To give a sense of the effort needed to achieve this goal, let us turn once more to mathematics. If one assumes an average annual population growth rate of 2.3 percent, it can be established that if Ghana wants to double its per capita income from the current level in ten years to about $780-800, it has to grow at an annual rate of at least 9-10 percent. On the other hand, if Ghana grows at 5-6 percent (as indicated in some official documents such as the GPRS), then it will take at least 22 years to double the per capita income—which many people would probably consider to be undesirable. In fact, as the President noted at the World Bank meeting, while current growth may be considered satisfactory, at least when compared with the past, it “was not fast enough to take the nation where it wanted to be.” The importance for Ghana to achieve a faster rate of growth cannot be stressed enough, and this deserves a high position on the government's economic agenda. In that regard, it remains to implement concrete measures to change the goal into a reality.

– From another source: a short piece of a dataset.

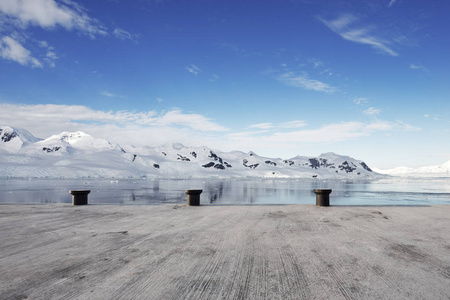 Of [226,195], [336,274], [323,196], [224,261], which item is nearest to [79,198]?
[323,196]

What Ghana aims to achieve is not without precedent. Many South East Asian (SEA) countries, by sustaining high rates of growth, moved within a short space of time from low-income to middle-income economies and became the envy of the rest of the developing world. The fact is that most of these countries, at the time of their independence, had comparable per capita income and human and natural resource endowment as Ghana at the time of her independence in 1957. This comparison is quite glaring between Ghana and Malaysia, with which she had a lot in common at the time of independence. For instance, by sustaining high, stable growth, Malaysia increased its per capita income seventeen-fold from $200 to $3,400 during 1960-2000, whereas for the same period Ghana, through erratic and low growth, increased hers only1.7 times from about $200 to $340. Thus, while Malaysia moved up to join the middle-income group of countries, Ghana, as noted above, remained among the low-income countries (LICs). So, what explains the large difference in growth performance and what can Ghana learn from Malaysia and other SEA countries?

Growth is one subject that continues to baffle even economists and still attracts a lot of debate. This is because it is difficult to pin it down to a few factors since one finds quite a variation of experiences. In that sense, it is not easy to provide definitive policy prescriptions. Early attempts to explain economic growth considered land, labor, and capital as the key factors of production and, therefore, growth. Larger quantities of these factors were expected to increase production to the point when, what economists refer to as, “diminishing returns” set in. Moreover, better qualities of the factors should also enhance productivity and increase growth. With “diminishing returns” to land, labor, and capital, one would expect growth to become truncated at some point. However, in reality, we know that growth proceeded at a more rapid pace, first in the West, and then in other parts of the world. What made this possible was, in part, the influence of the human mind, which enters the growth process through various channels, including management/organization, education, and technology. However, these factors are difficult to subject to the same degree of quantitative evaluation as the more tangible factors mentioned above. Better management of production should lead to higher productivity and growth. Education ensures a more skillful and productive labor force, which fosters growth. Technology, which may be acquired through education or training, enhances the productivity of other physical factors of production and, thereby, promotes growth.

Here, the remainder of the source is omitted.